Parlo della sindrome del piangina, che lo colpisce non appena una virgola va fuori posto. Credo sia abbastanza palese che da Spa 2014 il rapporto amichevole tra Hamilton e Rosberg si è ‘diplomaticamente’ chiuso, e che se i due potessero trovarsi da soli in uno stanzino forse un paio di ceffoni se li tirerebbero anche, altro che cappellini.
Lewis, però, quando qualcosa ‘non torna’, non aspetta mezzo secondo per mettere in dubbio l’operato di chi lavora intorno a lui. Ieri si è visto chiaramente quando la squadra l’ha chiamato per la seconda sosta ai box, dopo che Nico aveva già effettuato il suo cambio per ragioni di sicurezza (o almeno così ha detto il team). Ha chiesto due volte di verificare perché per lui le gomme erano in piena salute, mettendo in discussione quello che il team gli stava comunicando. Per carità, è un diritto del pilota chiedere un’ulteriore conferma, ma è stata l’insistenza che mi ha lasciato un po’ così, stranito. Non oso immaginare cosa sarebbe successo se non avesse dato ascolto alle richieste per trovarsi poi nei guai.
Non è la prima volta che il campione in carica si comporta così. Ovviamente molti l’hanno dimenticato, ma se portiamo la memoria indietro di poco più di un anno, ad un certo punto della stagione a sentire parlare Hamilton sembrava quasi che ci fosse un complotto pro Rosberg, e i più carichi addirittura parlavano di futuro in Mercedes incerto per lui (soprattutto se Nico avesse vinto il titolo). Tutto terminato con lo Spa-Gate, dopo il quale ogni fuoco tra i due polletti si è incredibilmente spento, secondo me dopo catechizzazione di Wolff e Lauda. In questa stagione non ci sono stati limiti per Lewis, più veloce in pista e senza alcun problema tecnico rispetto a Nico.

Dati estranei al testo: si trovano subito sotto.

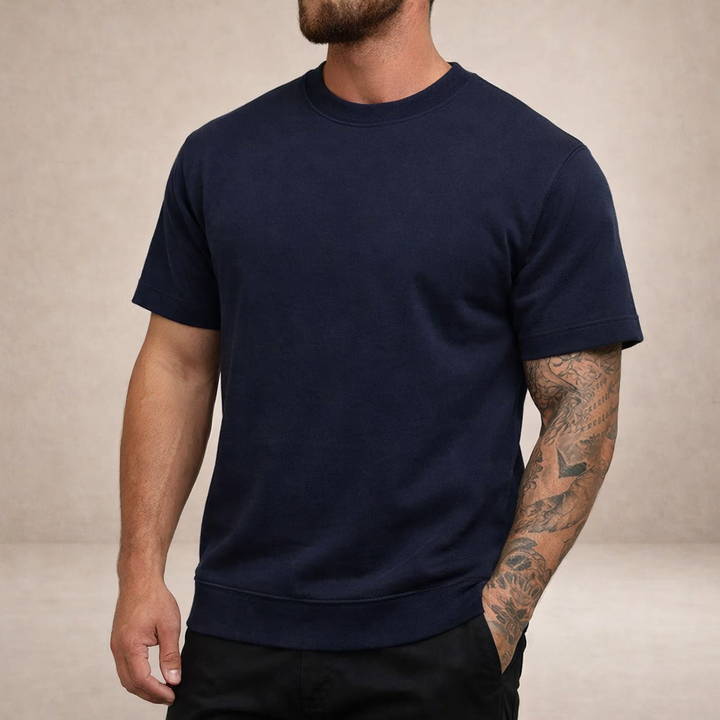 Närbild på ribbad krage på en slim fit herrtshirt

E l’episodio di Monaco, alla fine, è ben più imputabile a Lewis che al team.
Però ecco, appena c’è un qualcosa che non gira come intende l’inglese, la sensazione che ho è che lui subito si senta ‘poco protetto’ o che tenda a cercare per forza qualcosa di poco limpido nei suoi confronti. Comportamento mai piaciuto, per quanto mi riguarda.
Così come non è sicuramente signorile il commento del dopo gara quando Lewis, parlando di Rosberg, ha detto “Nico ha guidato veramente bene: nessun errore, nessun colpo di vento”. Sinceramente evitabile, anche perché è stato lo stesso Nico a chiarire che, vento o meno, ad Austin si è trattato di un suo errore.
E se fossi nel tedesco, ad un certo punto, penserei di seguire il consiglio di Massa (uno che se ne intende), cioè quello di cambiare squadra. Il rapporto, ormai già logoro, può solo peggiorare.
Però Lewis, dal canto suo, deve darsi una calmata. Perché i cicli finiscono, e se alla prima titubanza salta sulla sedia così, il giorno che non vincerà più ci sarà da ridere.